RBCでは、こういった要素に現実社会に妥当するような数値を当てはめてシミュレーションすると、能率が上昇して景気が良くなると、1)のもっと働く!という結果がもたらされ、同時に賃金も上昇します。

すなわち、

・景気上昇と労働時間と賃金は同時に同じ方向を向いて動く

ということになります。

しかし。

現実社会ではこのことは必ずしも正しくないのです。

とりわけ、Hansen and Wrightが取り上げた戦後の米国経済では、

労働時間と賃金との間にハッキリした相関は存在しない

1)このことをRBCが説明できないのはどうしてなんでしょうねぇ?

ということと

2)じゃあどうすれば説明できますかねぇ?

ということが、極めて明解な論理で説かれています。

すなわち、

・問題は、景気の上昇・下降を引き起こすのが能率の変化という、ただ一つの要因であることにある

というのです。

能率の変化が労働市場に何をもたらすのか?

それは、労働需要のシフトです。

・企業からすれば、同じ賃金の下で生産量が増えるような状況が訪れたなら、以前と比べて雇用を増やそうとするでしょうし、逆に能率が低下するような状況なら雇用を減らそうとするはずです(労働需要曲線のシフト)

それに比べて、

・どれくらいの賃金がもらえたら、どれくらい働こうと思うか?という、働く側の「好み」については、何の変化も起きていないわけなので、労働供給曲線は動きません。

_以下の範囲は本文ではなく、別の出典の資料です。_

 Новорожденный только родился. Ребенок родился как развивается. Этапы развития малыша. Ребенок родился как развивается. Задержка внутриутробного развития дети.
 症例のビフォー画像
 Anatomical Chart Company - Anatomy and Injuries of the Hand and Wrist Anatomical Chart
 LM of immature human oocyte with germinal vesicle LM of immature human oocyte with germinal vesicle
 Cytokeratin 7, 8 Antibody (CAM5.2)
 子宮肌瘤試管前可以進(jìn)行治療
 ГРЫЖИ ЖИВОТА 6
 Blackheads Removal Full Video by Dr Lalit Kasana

結果、安定的な右上がりの労働供給曲線をなぞるように、労働需要が左右にシフトするので、均衡点をトレースしていくと自然と労働時間と賃金との間に強い正の相関関係が生まれる、というわけです。

これは、RBC理論の想定する景気変動要因が、もっぱら労働需要曲線のシフトのみを引き起こすショックに求められているために起きる現象であるので。

【解決策】
「労働需要のシフトしか起こせなくて問題が起きるのなら、 労働供給もシフトさせれば良いのよ!
(by マリーアントワネット)

ということで、例えば

1)職場での仕事の能率だけでなく、家庭内での仕事(家事)の能率も確率的に変化する場合には、働き手の側(労働供給者)がもっと働こうと思うかどうかが、家事の能率によって左右される

とか

2)生産された財の一部が政府の支出に使われる場合には、政府の支出額が確率的に変化すれば、家計に回る財の量が影響を受けるため、将来にわたって消費活動を安定化させたいと願う働き手が現在どれだけ働こうと希望するかに影響を及ぼす

など、RBC理論に足りない要素を付け加えて再度シミュレーションをすると…労働市場の振る舞いがより良く説明されましたとさ、メデタシメデタシ。